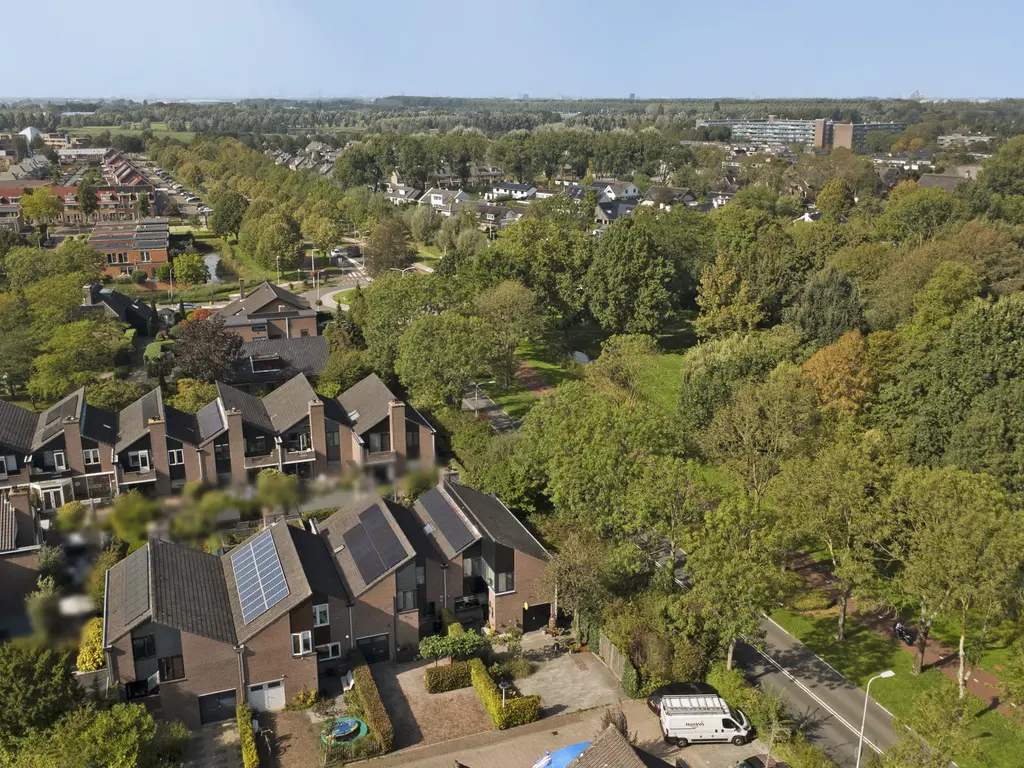 Kennipwerf 5, HENDRIK-IDO-AMBACHT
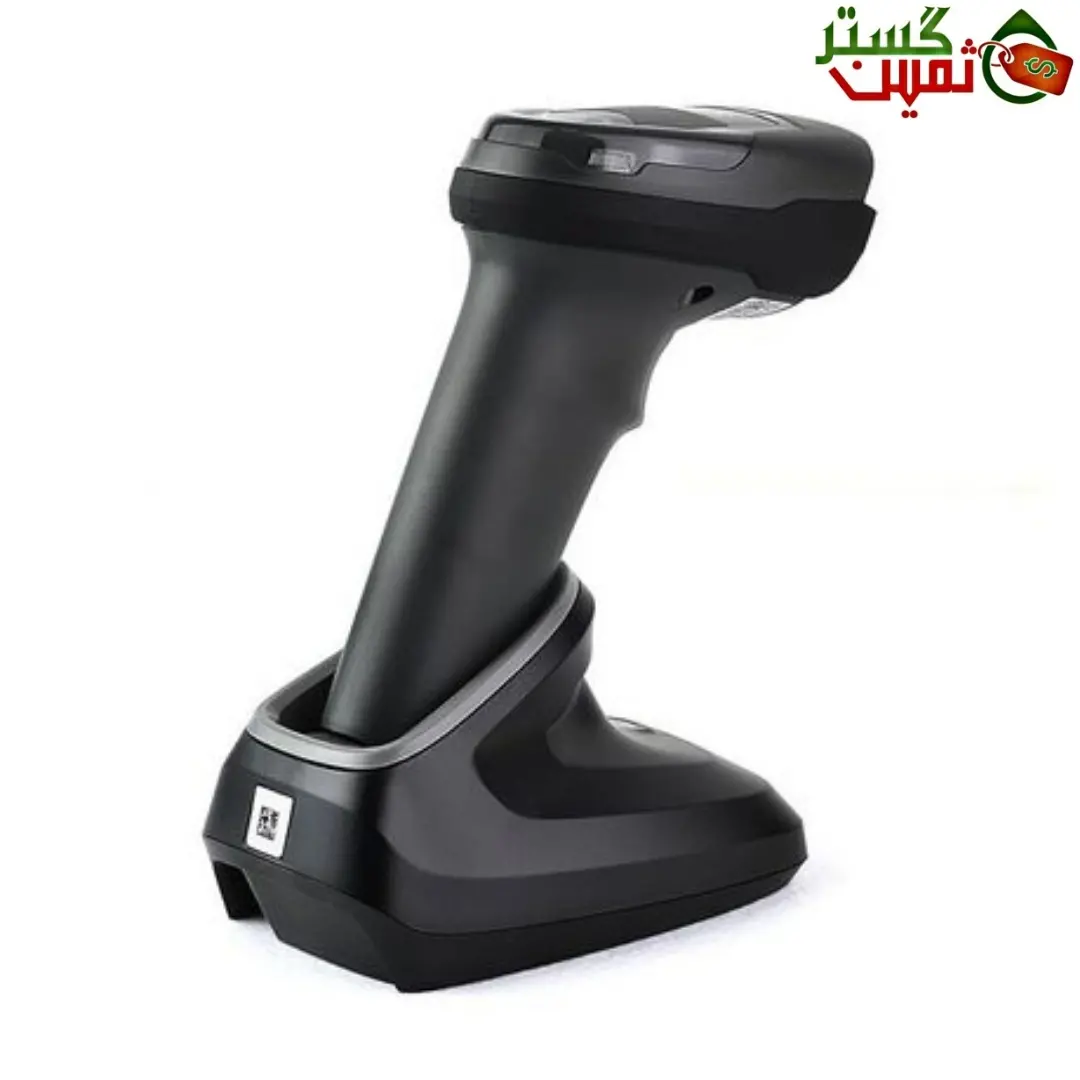  Zebra Symbol DS2278 اسکنر بارکد خوان صنعتی زبرا سیمبول دو بعدی سیمبل 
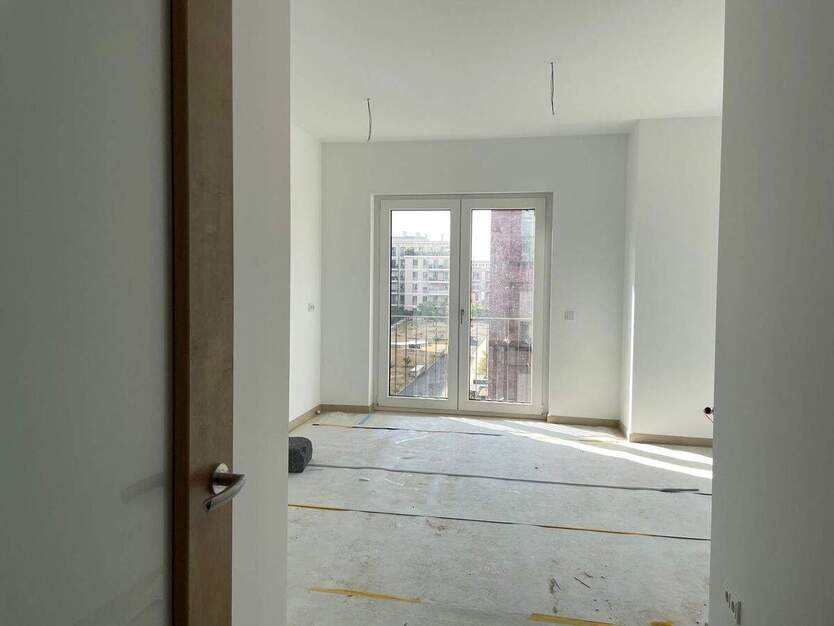 * exklusive 3 Raumwohnung mit großer Loggia und Elbblick in der HafenCity * 3 zimmer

TASK PROMPT: The lines to write out run from the one containing "Zebra Symbol DS2278" through the final line of the material above, both included; write them out exactly, with no pictures.

SOLUTION BELOW:
  Zebra Symbol DS2278 اسکنر بارکد خوان صنعتی زبرا سیمبول دو بعدی سیمبل 
 * exklusive 3 Raumwohnung mit großer Loggia und Elbblick in der HafenCity * 3 zimmer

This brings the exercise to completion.